To me the idea of "triplethought" (the name of my blog) is exemplified by this study.  It just goes to show you have to really challenge what you think you know as fact.  Do you think the odds of a flipped coin coming up either heads or tails is 50/50? Think again. A Standford study shows the odds in a coin toss odds aren’t 50/50 as almost everyone believes.... but more like 51% versus 49% in favor of the side that starts up when it is initially flipped. It has nothing to do with the weight or imbalance in the coin.  There is a bias towards the side that starts up.  They used a machine to perform a large number of coin tosses and found the following:

  1. If the coin is tossed and caught, it has about a 51% chance of landing on the same face it was launched. (If it starts out as heads, there's a 51% chance it will end as heads).
  2. If the coin is spun, rather than tossed, it can have a much-larger-than-50% chance of ending with the heavier side down.
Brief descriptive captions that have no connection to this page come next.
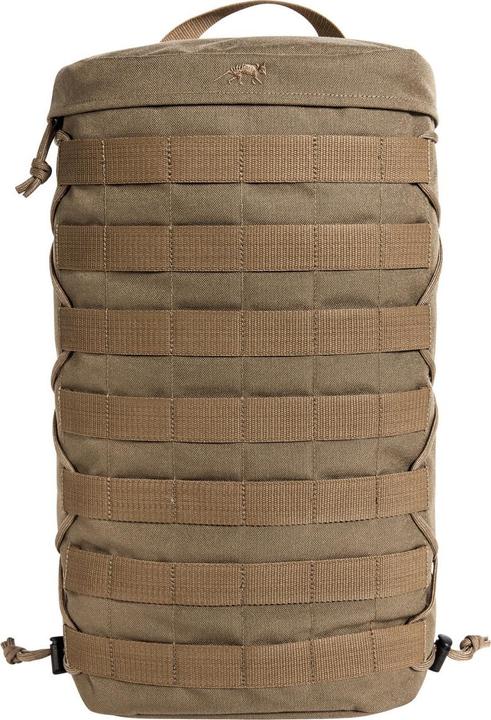 Immagine prodotto Tasmanian Tiger TT Tac Pouch 9 SP Coyote (10 l)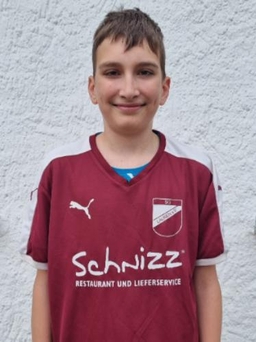 Avatar Bild für Bruno Tuchscherer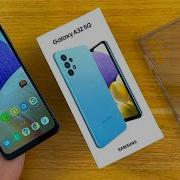 A32 Samsung
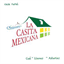 lacasitamexicana.com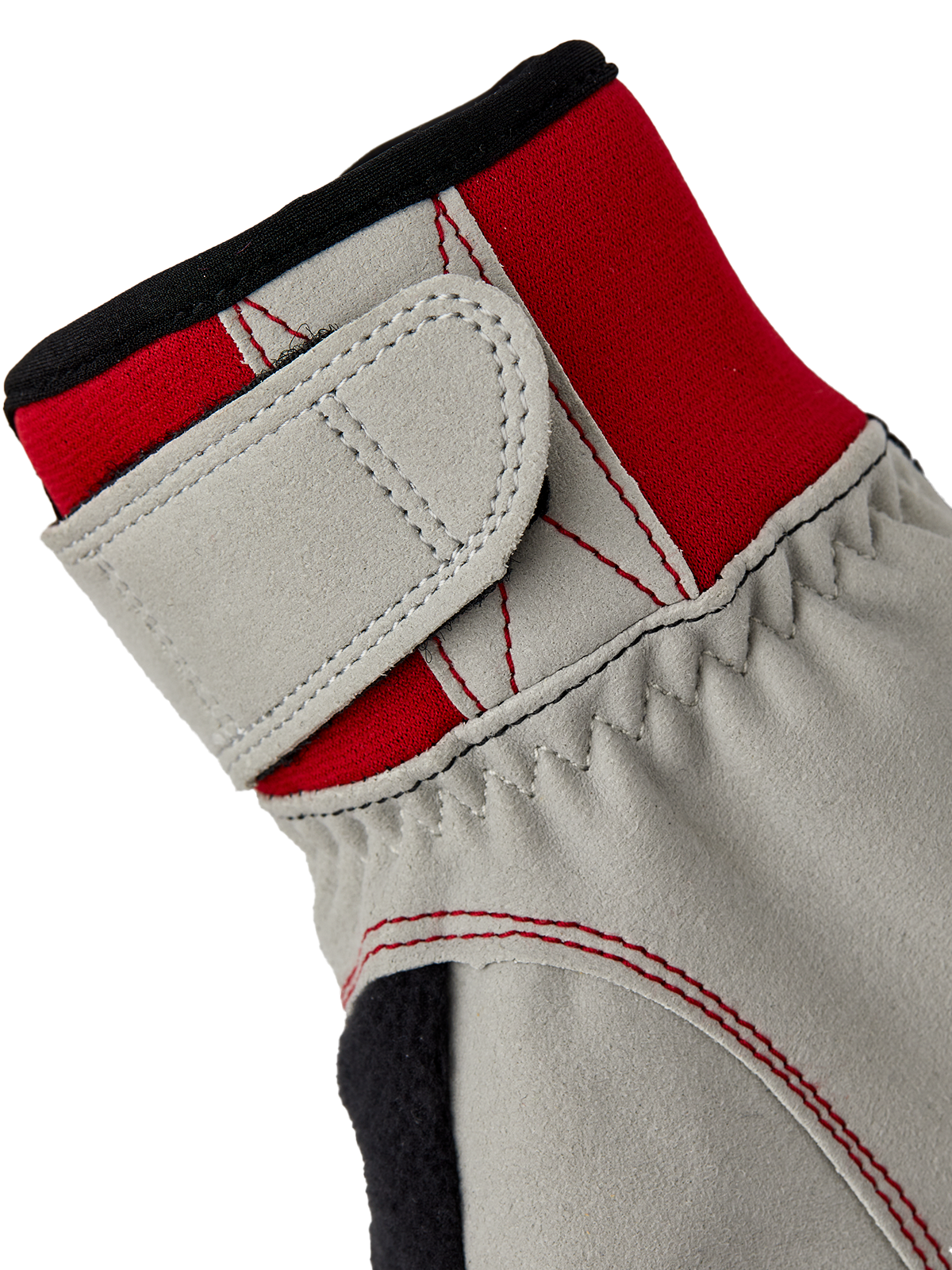 HESTRA, Ergo Grip Ws 5F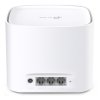 TP-Link HX510(2-pack) - AX3000 Wi-Fi mesh systém, 3x GLAN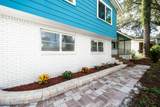 1811 Mills Rd. Road - Photo 19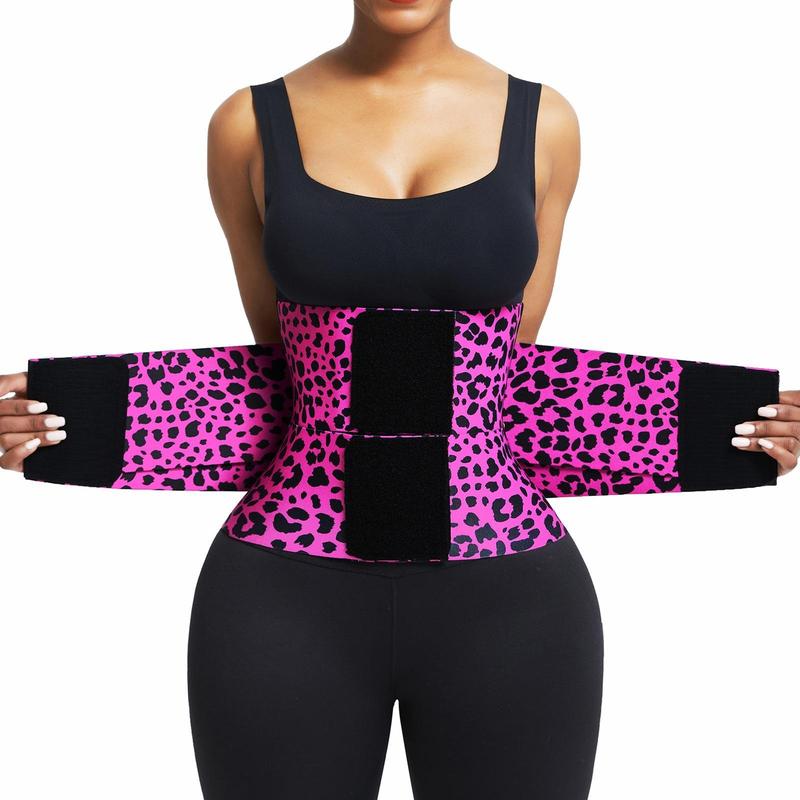 Corset Luxe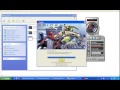 Como Baixar O Spider Man The Movie Game Pc Tradu ...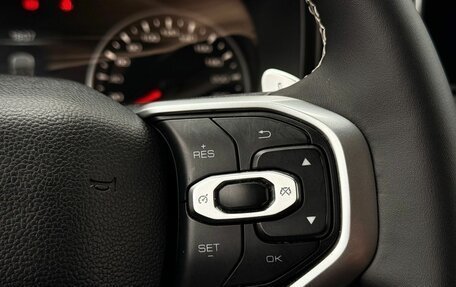 Haval Jolion, 2024 год, 1 799 000 рублей, 19 фотография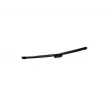 Balais D'essuie Glace Droit OE 288907213R - Visuel 3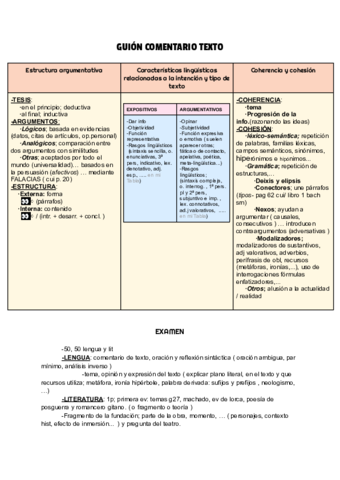GUION-COMENTARIO-TEXTO.pdf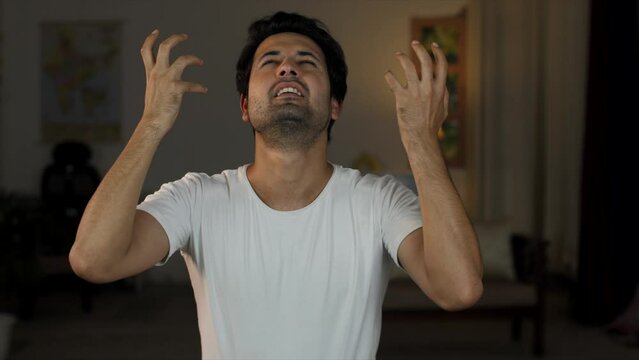 Exasperada Exasperated Images – Browse 417,277 Stock Photos, Vectors, and Video ...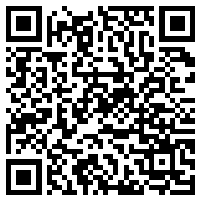 QR Code for bitcoin:bitcoin:bitcoin:bitcoin:dash:XijfHfzNW62mbfda4vFQLUQGwJabLBNRWM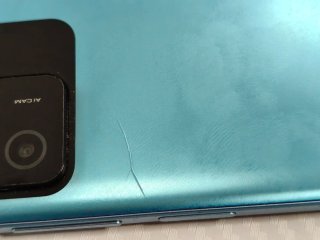 Xiaomi Redmi 12 8GB RAM 256GB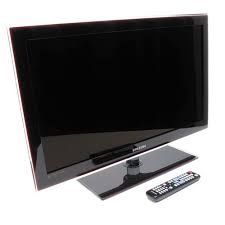 Samsung 43 telvizor smart Hd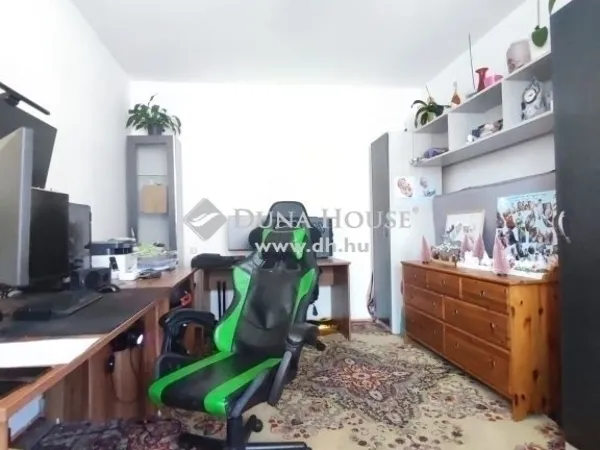 Eladó ház Gyömrő 170 nm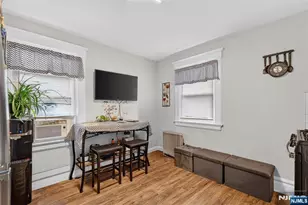 62 Wilson Pl, Irvington, NJ 07111 - Photo 29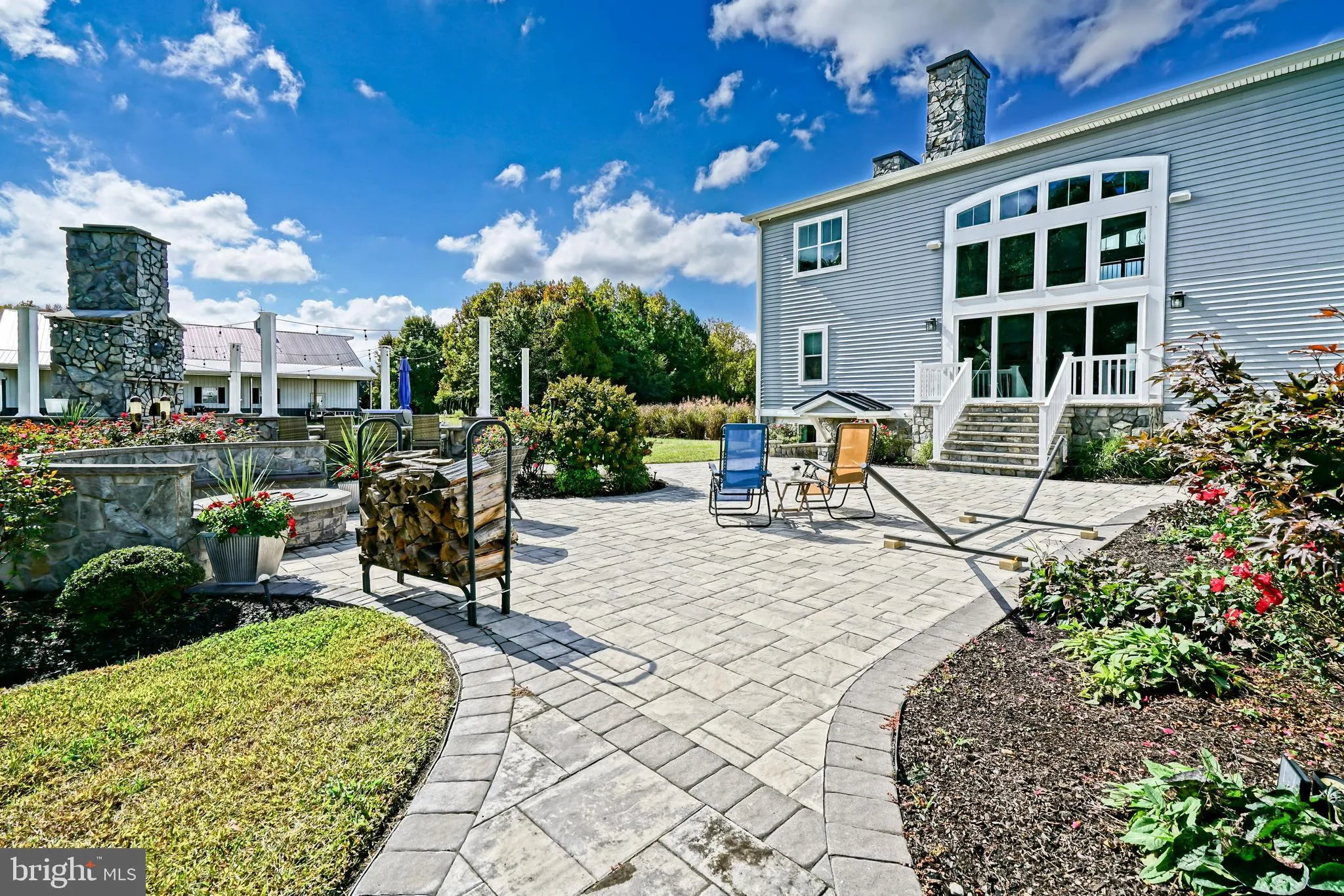 Georgetown, Delaware 19947, United States, 4 Bedrooms Bedrooms, ,5 BathroomsBathrooms,Residential,Coming Soon,225478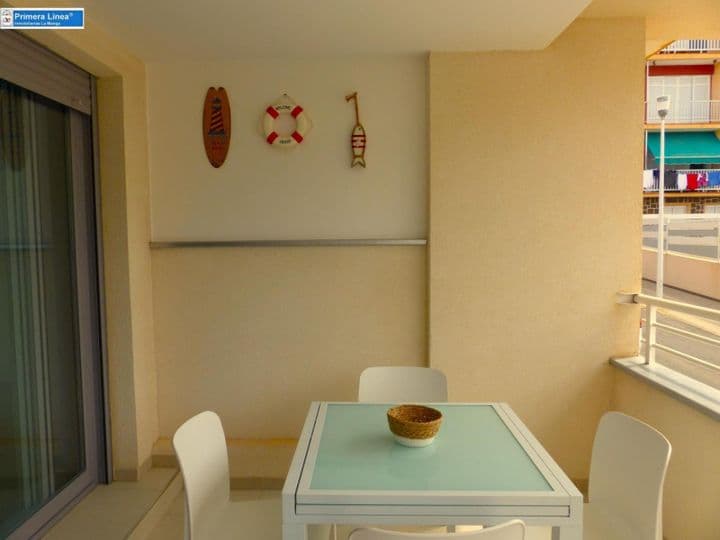 2 bedrooms apartment for rent in Cartagena, Spain - Image 3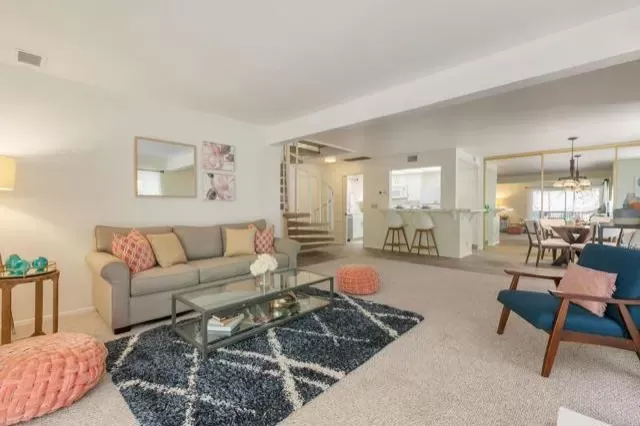 MLS: NDP2405954 Condo For Sale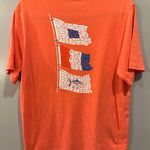 Comfort Colors Southern Tide Tee Photo 1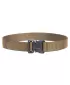 Pas PENTAGON COBRA GT 38 BLACK TACTICAL BELT Χ50101 03 X50101 KOJOT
Spun coins can exhibit "huge bias" (some spun coins will fall tails-up 80% of the time).
  3. If the coin is tossed and allowed to clatter to the floor, this probably adds randomness.
  4. If the coin is tossed and allowed to clatter to the floor where it spins, as will sometimes happen, the above spinning bias probably comes into play.
  5. A coin will land on its edge around 1 in 6000 throws, creating a flipistic singularity.
  6. The same initial coin-flipping conditions produce the same coin flip result. That is, there's a certain amount of determinism to the coin flip.
  7. A more robust coin toss (more revolutions) decreases the bias.